BEGIN EXERCISE DATA

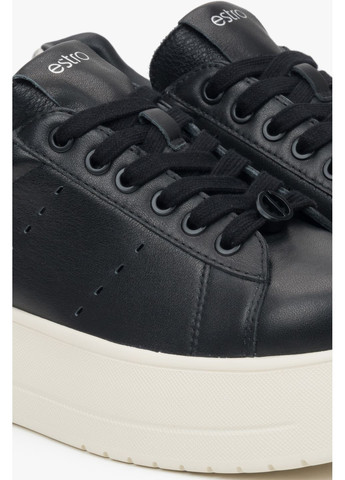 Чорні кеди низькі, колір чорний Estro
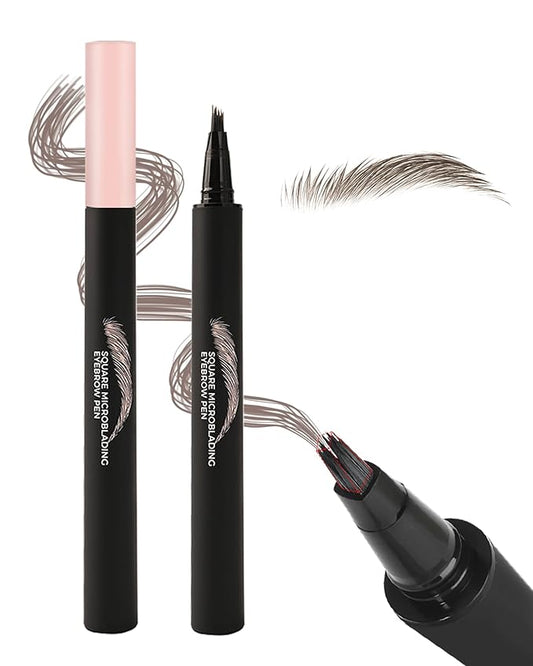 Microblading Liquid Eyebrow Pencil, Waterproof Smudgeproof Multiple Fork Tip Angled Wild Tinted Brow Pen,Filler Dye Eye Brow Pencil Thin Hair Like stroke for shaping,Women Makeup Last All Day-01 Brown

END EXERCISE DATA
BEGIN EXERCISE DATA

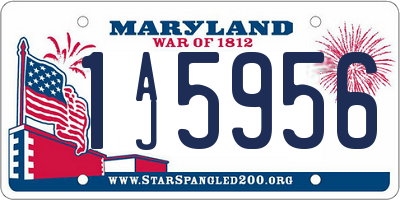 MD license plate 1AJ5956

END EXERCISE DATA
BEGIN EXERCISE DATA

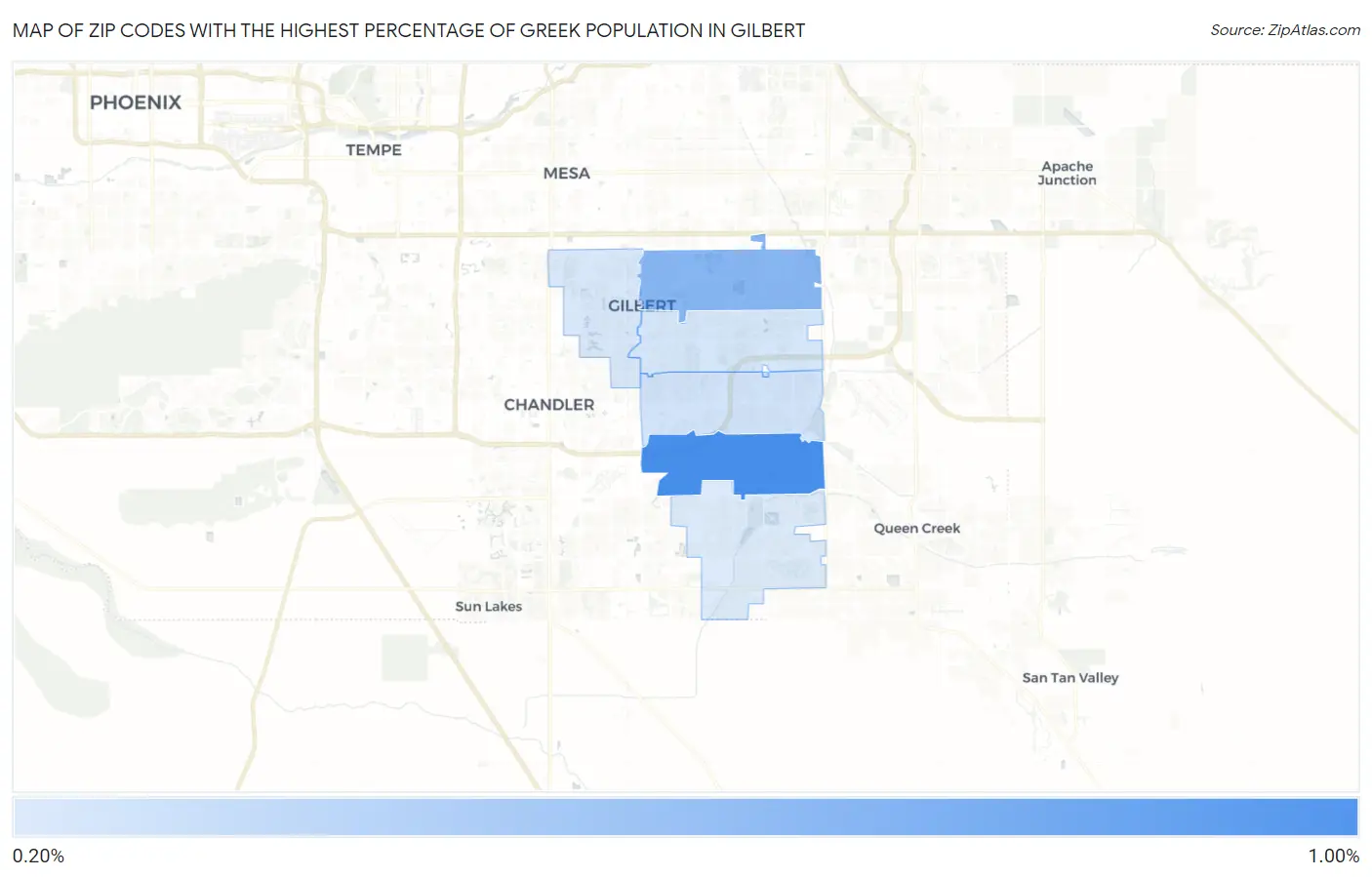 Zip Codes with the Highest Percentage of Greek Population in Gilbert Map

END EXERCISE DATA

- _PROBLEM TO WORK ON_: Nothing but the lines from the one with "Чорні кеди низькі, колір чорний Estro" up to and including the one with "Microblading Liquid Eyebrow" should be printed, exactly as they read above. Please keep the pictures out.

- _EXERCISE RESULT_:
 Чорні кеди низькі, колір чорний Estro
 Microblading Liquid Eyebrow Pencil, Waterproof Smudgeproof Multiple Fork Tip Angled Wild Tinted Brow Pen,Filler Dye Eye Brow Pencil Thin Hair Like stroke for shaping,Women Makeup Last All Day-01 Brown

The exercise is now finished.